Not exactly because implies we are just going to do something zone-like
to prevent kernel allocations ever using unpluggable memory in which
case we should just use zones.

The idea instead would be that unmovable allocations would reside at the
lower PFNs only but not 100% strictly enforced. I group MAX_ORDER_NR_PAGES
together based on their type of allocation but selecting which block of
pages to use for an allocation type is relatively rare because we depend on
the free-lists to contain free pages of a specific type.

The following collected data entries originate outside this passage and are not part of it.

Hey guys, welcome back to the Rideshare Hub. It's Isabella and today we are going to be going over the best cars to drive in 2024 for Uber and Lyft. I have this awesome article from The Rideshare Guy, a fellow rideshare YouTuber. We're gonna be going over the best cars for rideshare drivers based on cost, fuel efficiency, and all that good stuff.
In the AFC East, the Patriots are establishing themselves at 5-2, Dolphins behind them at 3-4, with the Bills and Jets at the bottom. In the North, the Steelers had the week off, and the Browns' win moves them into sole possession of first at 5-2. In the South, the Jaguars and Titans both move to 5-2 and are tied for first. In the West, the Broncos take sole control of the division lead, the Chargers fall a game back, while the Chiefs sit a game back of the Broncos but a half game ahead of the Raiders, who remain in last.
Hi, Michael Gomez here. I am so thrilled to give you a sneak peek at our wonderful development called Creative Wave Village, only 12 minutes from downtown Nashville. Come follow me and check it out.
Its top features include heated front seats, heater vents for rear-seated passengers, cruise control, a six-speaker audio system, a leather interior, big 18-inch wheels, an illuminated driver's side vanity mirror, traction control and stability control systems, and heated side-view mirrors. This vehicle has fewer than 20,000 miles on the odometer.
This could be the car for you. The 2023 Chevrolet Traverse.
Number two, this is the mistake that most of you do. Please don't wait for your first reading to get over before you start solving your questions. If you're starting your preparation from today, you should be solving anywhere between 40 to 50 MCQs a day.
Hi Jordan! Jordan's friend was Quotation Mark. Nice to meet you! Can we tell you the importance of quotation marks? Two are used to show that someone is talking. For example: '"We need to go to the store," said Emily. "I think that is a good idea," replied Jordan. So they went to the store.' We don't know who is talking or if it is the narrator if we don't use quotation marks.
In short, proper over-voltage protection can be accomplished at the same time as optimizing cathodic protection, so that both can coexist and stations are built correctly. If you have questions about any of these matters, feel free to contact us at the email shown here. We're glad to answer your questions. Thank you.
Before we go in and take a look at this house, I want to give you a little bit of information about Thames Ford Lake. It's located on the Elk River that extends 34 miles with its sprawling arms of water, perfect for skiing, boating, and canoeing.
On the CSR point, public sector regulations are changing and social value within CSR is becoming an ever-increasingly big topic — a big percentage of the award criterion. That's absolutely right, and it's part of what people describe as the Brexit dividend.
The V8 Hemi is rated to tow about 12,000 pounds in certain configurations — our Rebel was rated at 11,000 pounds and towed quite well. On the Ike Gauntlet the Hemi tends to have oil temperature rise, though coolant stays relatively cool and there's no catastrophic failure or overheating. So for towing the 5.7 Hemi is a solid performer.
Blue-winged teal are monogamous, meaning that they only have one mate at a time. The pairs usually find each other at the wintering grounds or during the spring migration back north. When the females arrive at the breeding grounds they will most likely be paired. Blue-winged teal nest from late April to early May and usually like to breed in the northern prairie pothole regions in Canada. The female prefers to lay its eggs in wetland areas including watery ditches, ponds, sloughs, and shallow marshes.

The failure case is where at some point during the lifetime of the system,
there were a very large number of active unmovable allocations that scattered
throughout the address space (large number of processes with large numbers
of page tables might trigger it). When that happens, anti-frag would have
failed to offline large portions of memory simply because of the workloads
quantity of unmovable pages was too large and it fell back rather than
going OOM due to zone restrictions.

>
> > > > Then we should be doing some work to cut down the number of unmovable
> > > > allocations.
> > >
> > > That's rather pointless. A feature is either reliable or it is not. We'll
> > > never be able to make all kernel allocations reclaimable/moveable so we'll
> > > never be reliable with this approach. I don't see any alternative to the
> > > never-allocate-kernel-objects-in-removeable-memory approach.
> >
> > What feature are you talking about?
>
> Memory hot-unplug, of course.
>
> > Why would all allocations need to be movable when we have a portion for
> > unmovable allocations?
>
> So you're proposing that we take a single zone, then divide that zone up
> into two sections. One section is non-hot-unpluggable and is for
> un-moveable allocations. The other section is hot-unpluggable and only
> moveable allocations may be performed there.
>
> If so, then this will require addition of new infrastructure which will be
> to some extent duplicative of zones and I see no reason to do that: it'd be
> simpler to divide the physical memory arena into two separate zones.
>
> If that is not what you are proposing then please tell us what you are
> proposing, completely, and with sufficient detail for us to work out what
> the heck you're trying to tell us. Please try to avoid uninformative
> rhetorical questions, for they are starting to get quite irritating.
> Thanks.

Anti-frag groups pages based on type (unmovable, reapable, movable). Each
type has it's own set of free-lists which we use as much as possible. When
those lists deplete, we look at the free-lists for the other types, steal
a free block and put it on the requested allocations free lists.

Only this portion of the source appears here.